Why Boston Proper? Especially since I have not even been to Boston. Well, I didn’t really have a choice. It was a story that was in my head, and to keep it from rattling around up there, I had to put I to paper. That’s how it has always been for me. Even when I was little.
For anyone who is creative at all, you can appreciate how “ideas” come to you. Sometimes they are just a spark – an idea. Other times, they can come to you nearly fully formed.
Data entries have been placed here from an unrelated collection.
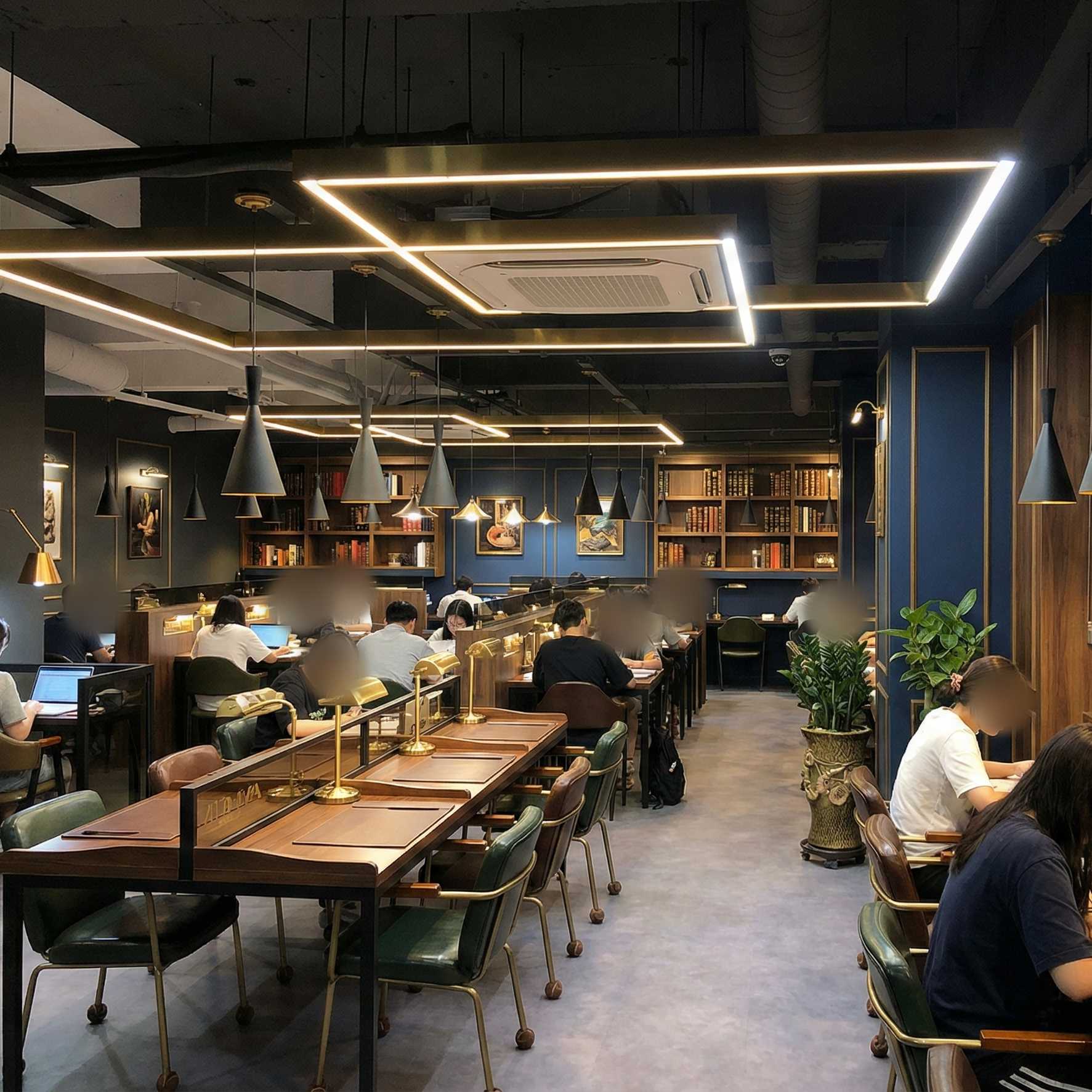 [No.770151] 상세정보를 보시려면 클릭하세요.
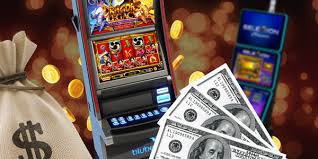 Magius Casino Login Your Guide to Accessing Exciting Online Gaming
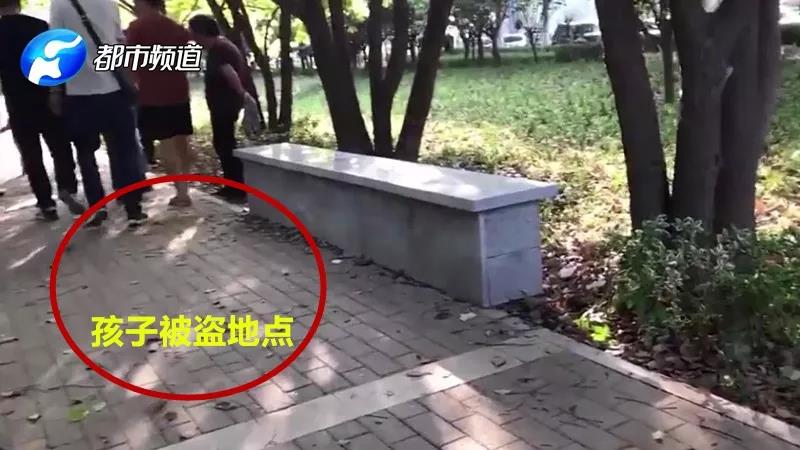 微信图片_20190519121340.jpg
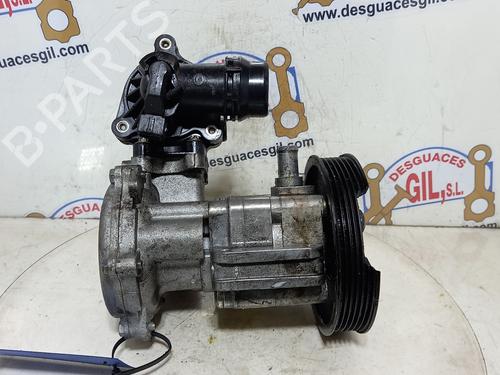 Styring servopumpe BMW 3 Coupe (E46) 318 Ci (143 hp) 20753832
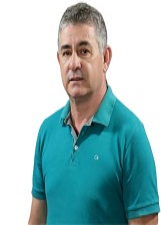 Foto de Adilson Severino de Souza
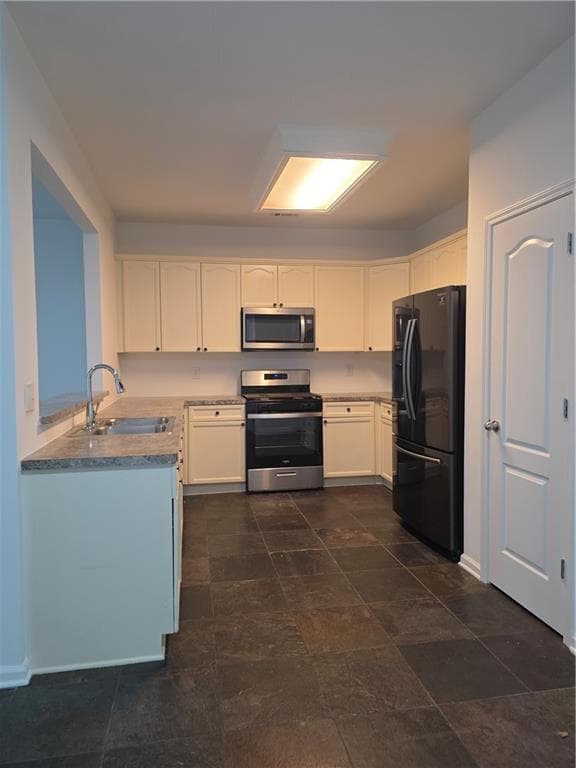 3 bedroom, 3 bathroom, 1,722 sq ft townhouse for sale at 5732 Singlebriar Court, Norcross, GA 30093 — photo 6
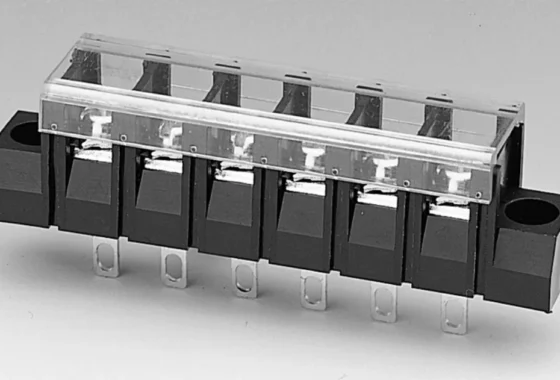 YK403 With Cover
Being nearly fully formed is how the story of Boston Proper came to me. Don’t know how, or why – just that it did. As I had mentioned, I had never been to Boston. I didn’t have any relatives or friends from there. I literally knew nothing about the city, let alone the Boston from more than a century ago. But there it was. This big story is about battling social factions wrapped in a love story.
Of course, I needed to develop the structure, characters, and plot point, etc. But essentially, it was just a matter of finding the time to sit down and put it to paper.
It was May 1997. I sat down and put the outline together on my new Apple Power Book computer. It took me a couple of days. My initial thinking was that something was missing and I didn’t know what. At that point, fleshing it out would be way too much work. So, I shoved it in a drawer and there it sat until the year 2000.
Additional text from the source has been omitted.